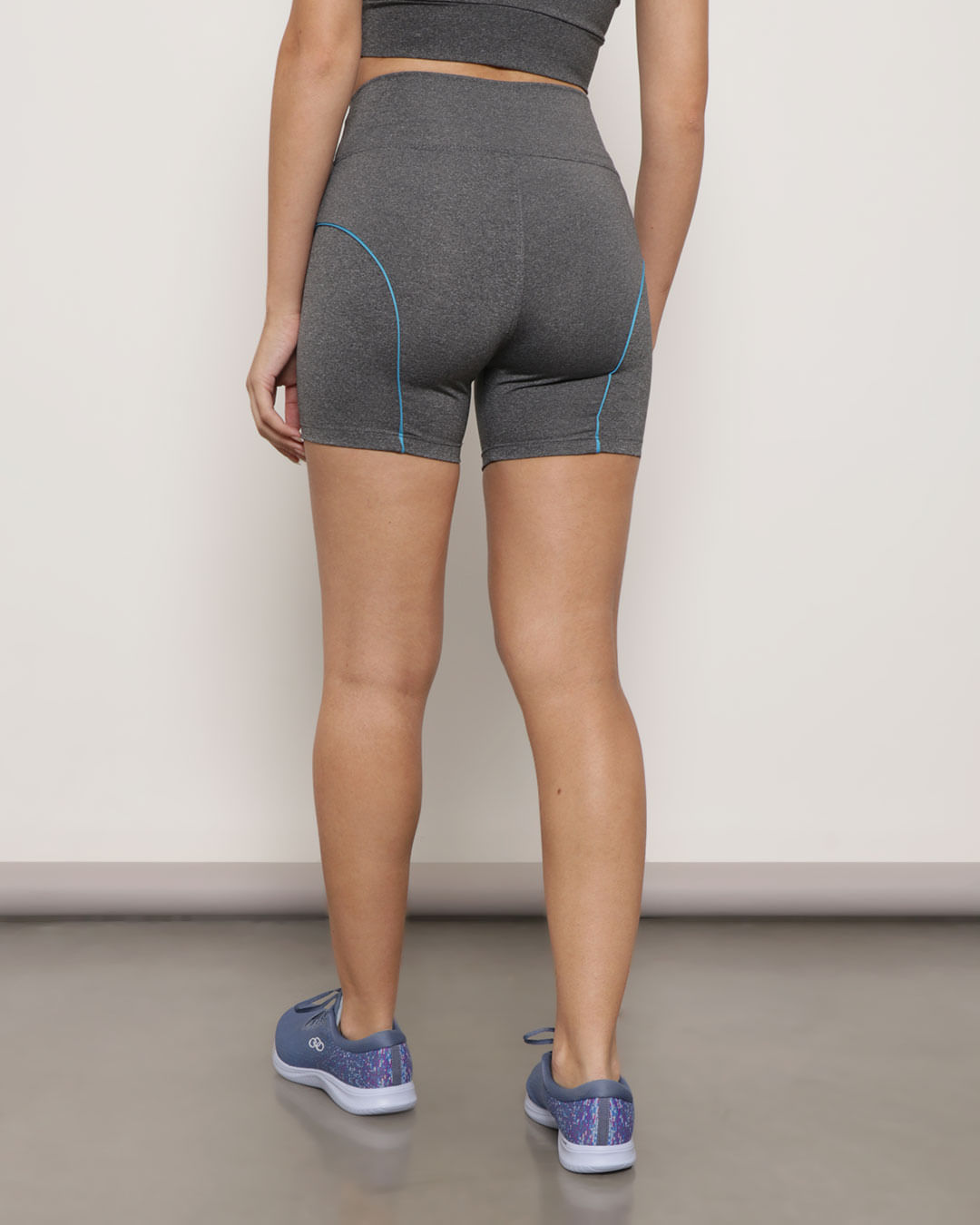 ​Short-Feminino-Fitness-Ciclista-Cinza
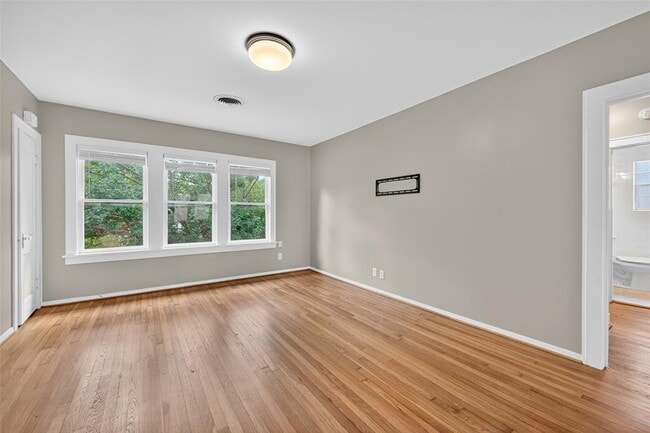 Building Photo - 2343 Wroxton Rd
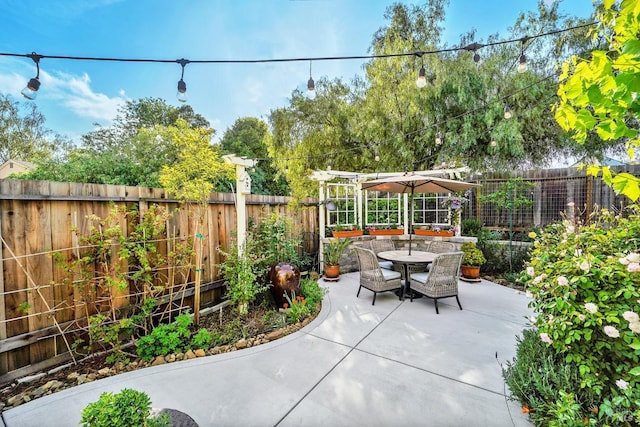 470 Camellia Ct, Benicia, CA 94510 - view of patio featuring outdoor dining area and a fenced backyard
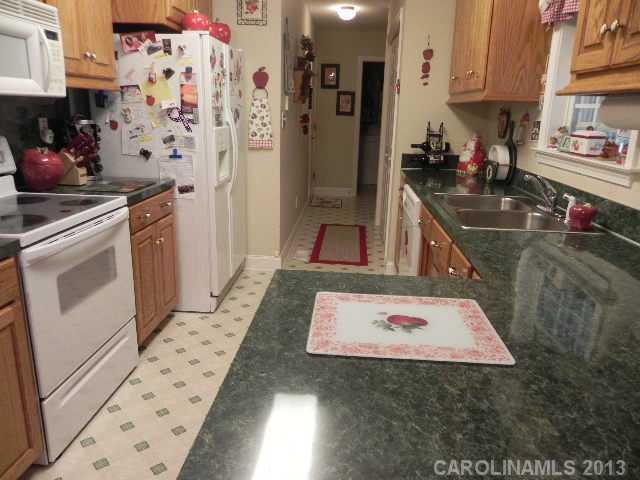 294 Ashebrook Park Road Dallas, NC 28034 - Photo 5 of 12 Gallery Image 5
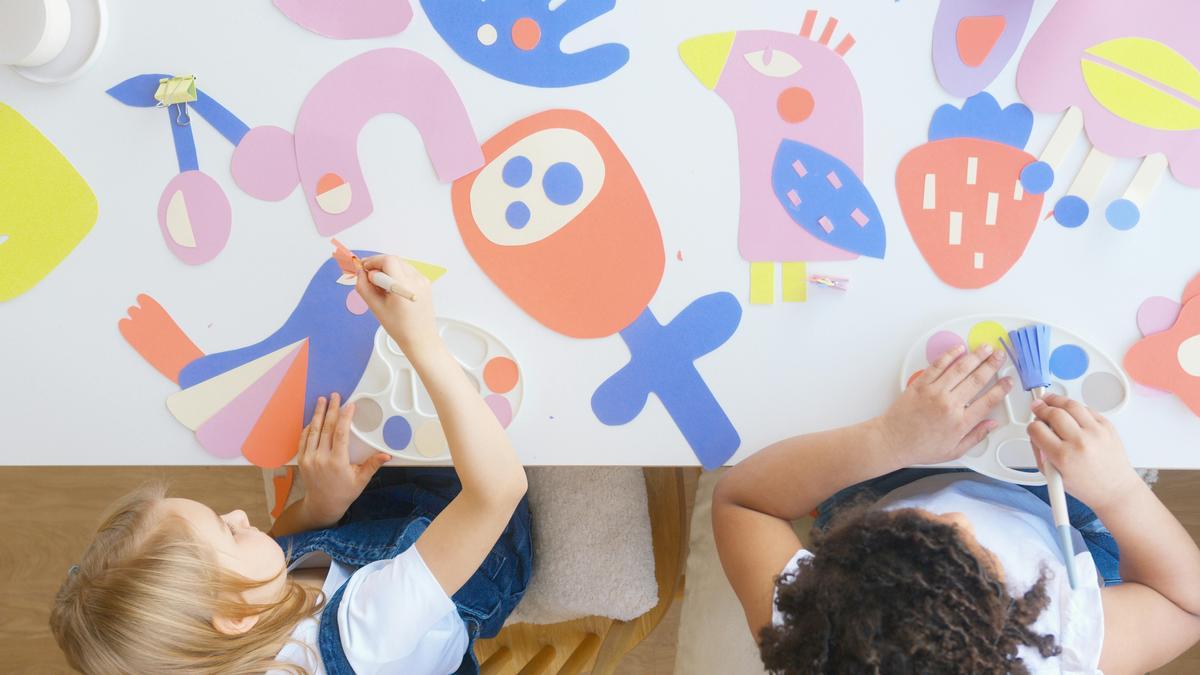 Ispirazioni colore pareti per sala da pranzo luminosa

PROBLEM -> Leave out the pictures and repeat the remaining data exactly.

TASK RESULT ->
 ​Short-Feminino-Fitness-Ciclista-Cinza
 Building Photo - 2343 Wroxton Rd
 470 Camellia Ct, Benicia, CA 94510 - view of patio featuring outdoor dining area and a fenced backyard
 294 Ashebrook Park Road Dallas, NC 28034 - Photo 5 of 12 Gallery Image 5
 Ispirazioni colore pareti per sala da pranzo luminosa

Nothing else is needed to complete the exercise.